Bootstrapping dbt tests from a single sample file
Profile a CSV or Parquet sample of your source table, accept the high-confidence checks, and paste a schema.yml into your dbt project.
New source, empty schema.yml, no idea where to start. The default move — guessing which columns are not_null and which deserve accepted_values — is slow and biased. A better move: profile a sample and let the evidence decide.
1. Export a sample
From your warehouse, COPY (SELECT * FROM raw.orders LIMIT 50000) TO 'orders.parquet'. Parquet is faster than CSV for the in-browser profiler and preserves types. 50k rows is more than enough to surface enums, presence patterns, and length distributions.

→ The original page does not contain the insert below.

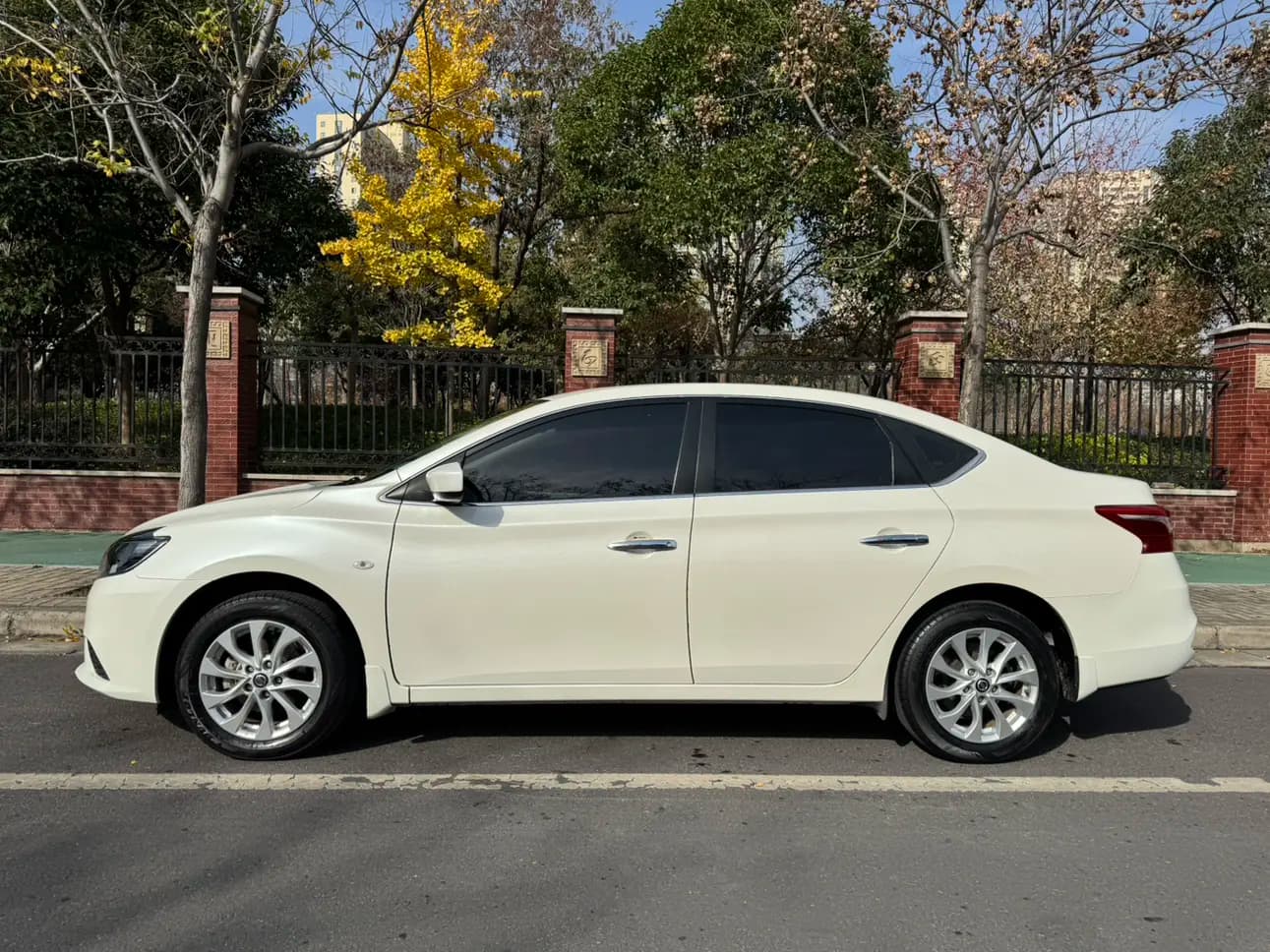 Nissan Sylphy 2021 г. 53124 км. — фото 4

2. Profile and review the High band first
The High-confidence band on the review screen is your not_null, unique, and range checks where the engine has overwhelming evidence. Bulk-accept all of them. This alone gives you better coverage than most hand-written schema.yml files.
3. Skim Medium for format inferences
Email, ISO date, UUID, URL — these are inferred from regex coverage and need a human glance. If the column really is "user-facing email", accept. If it's "free-text that usually looks like an email", reject — you don't want a CI test failing on a malformed string when the column is documented as free-text.
4. Export as dbt schema.yml
The export modal generates a v2 schema.yml using built-in tests where possible and dbt_utils.expression_is_true for ranges and regex. Drop the file under models/<path>/schema.yml, rename the model to match yours, and dbt test --select away.
5. Re-profile after every meaningful change
When a source table evolves, re-profile and attach the previous .profile.json as a baseline. The drift panel tells you which columns gained values, lost values, or changed type — the exact diff you'd otherwise discover by reading PRs.